14 dicembre 2009

MILANO RECIPIENTE


Famosa è la Container City di Londra, progettata dall’architetto Nicholas Lacey, un piccolo quartiere (ma sarebbe meglio dire una piccola palazzina) poco oltre Canary Wharf, appollaiato in un’ansa del Tamigi nel cuore degli East Docks, che guarda verso il Millennium Dome sull’altra sponda del fiume. È bella, di per sé, la costruzione, fatta di container recuperati e montati su una struttura di sostegno in acciaio, coibentati e rifiniti all’interno con lastre di cartongesso. Si tratta di studi professionali e piccoli uffici, ma anche qualche abitazione è stata aggiunta in questo insieme multicolore addobbato con fiori e piante e dove, lì a fianco, un altro container diventa un piccolo postoristoro in cui mangiare ottimi hamburger.

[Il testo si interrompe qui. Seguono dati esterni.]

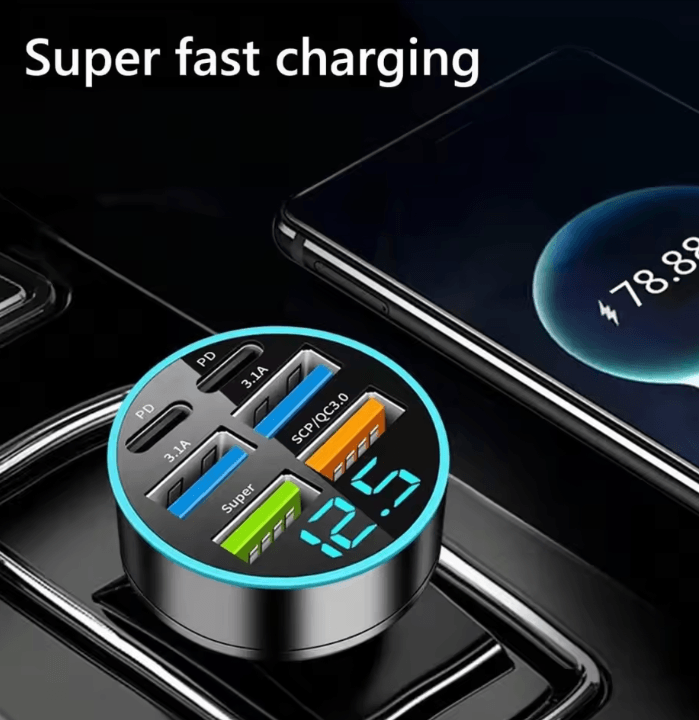 250W High-Speed USB Car Charger with PD & QC3.0 Fast Charge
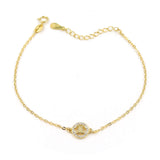 Ασημένιο επιχρυσωμένο βραχιόλι με πέτρες ζιργκόν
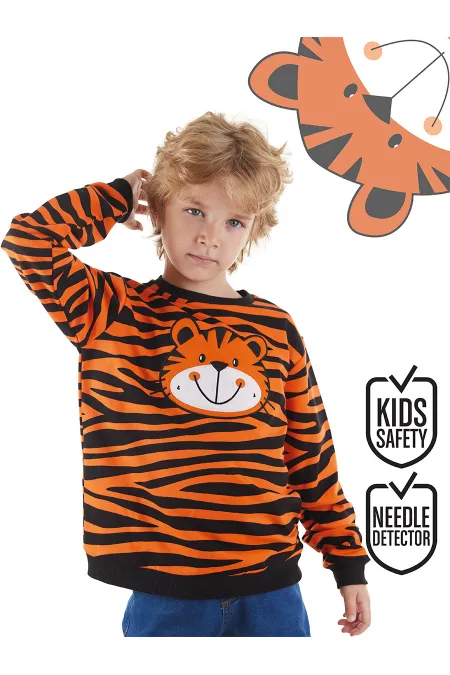 Kaplan Aplikeli Erkek Çocuk Sweat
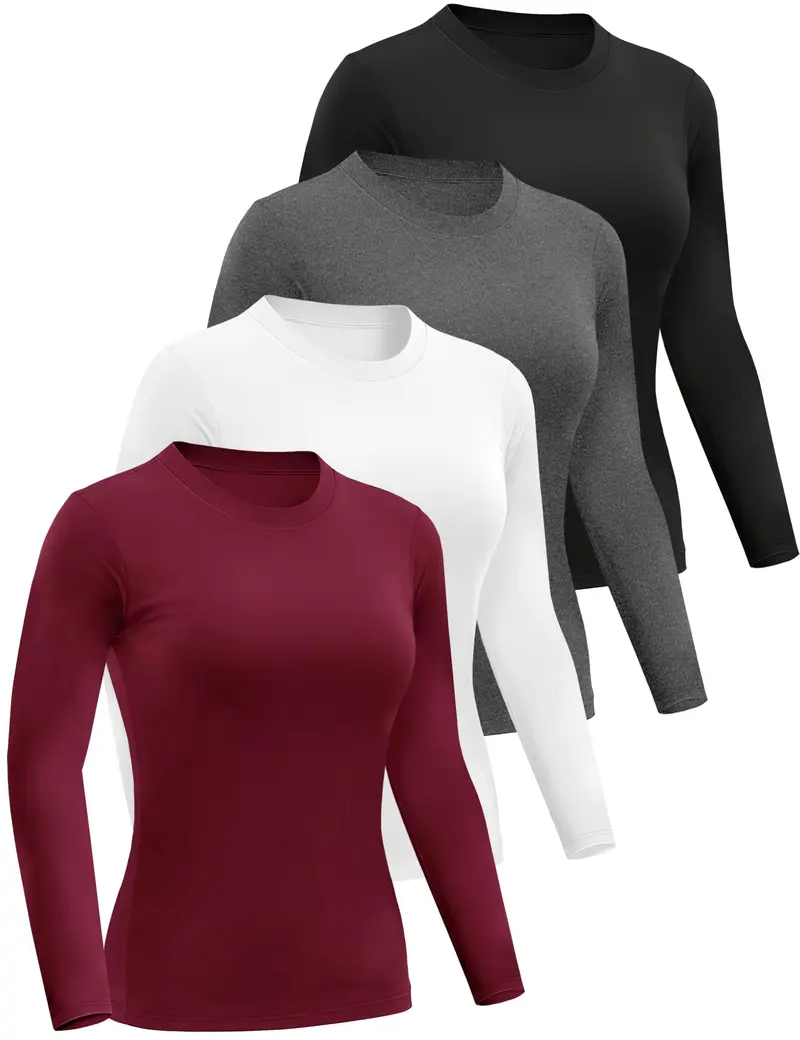 TELALEO Women's 4 value pack Long Sleeve Basic Shirts Crew Neck Slim Fitted Compression Gym Workout Athletic Undershirts in Black White Gray & Red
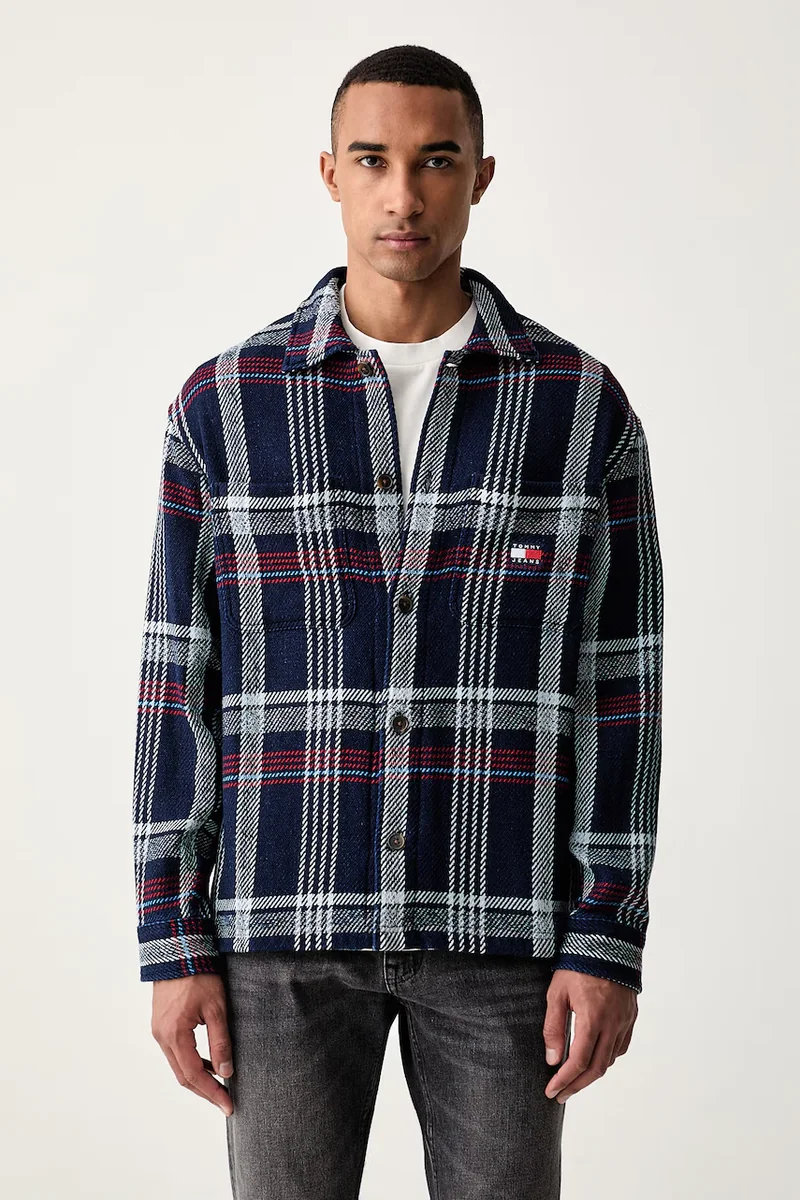 Tommy Jeans geacă tip cămașă pentru bărbați din bumbac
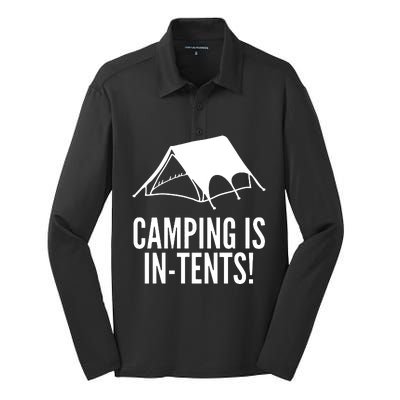 Camping Is In Tents Silk Touch Performance Long Sleeve Polo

Tutto ciò risale al 2001, ed è stato il primo passo di tutta una serie di applicazioni di tale sistema da parte della USM (Urban Space Management): mercati, ampliamenti di scuole e così via, fino alla recente aula addizionale (del 2008) per la Cyril Jackson School, montata in un solo weekend.

La cronaca dell’architettura contemporanea è variamente punteggiata di container, ma sembra comunque un modello non proprio mediterraneo, dove le applicazioni hanno visto scale e modalità d’intervento ben diverse da un nord Europa o una West Coast dove un abbondante surplus fa dei container una sorta di diretto materiale da costruzione. Il modello non è solo anglosassone, però.

Un interessante libro sfogliato di recente, “Vernacular Architecture Contained”, prende in esame i vari baraccamenti costruiti con container nel sudest asiatico, con Hong Kong come baricentro, e ne analizza le conformazioni trovandovi analogie con le tipologie dell’architettura vernacolare cinese, a corte, a palafitta eccetera. E tale matrice cinese la sta sfruttando la Travelodge con un hotel sperimentale a Uxbridge, nel distretto ovest di Londra, fatto di container importati dalla Cina, con bagno e finestre preinstallati, il che permette di accorciare i tempi di assemblaggio del 25% (e costruirlo in 12 settimane) e ridurre i costi del 10%, anche in vista dei giochi olimpici londinesi del 2012. Poi, lo stesso criterio può essere usato anche per case studentesche e residenze urbane, dicono i costruttori della Verbus System che hanno sviluppato il sistema modulare.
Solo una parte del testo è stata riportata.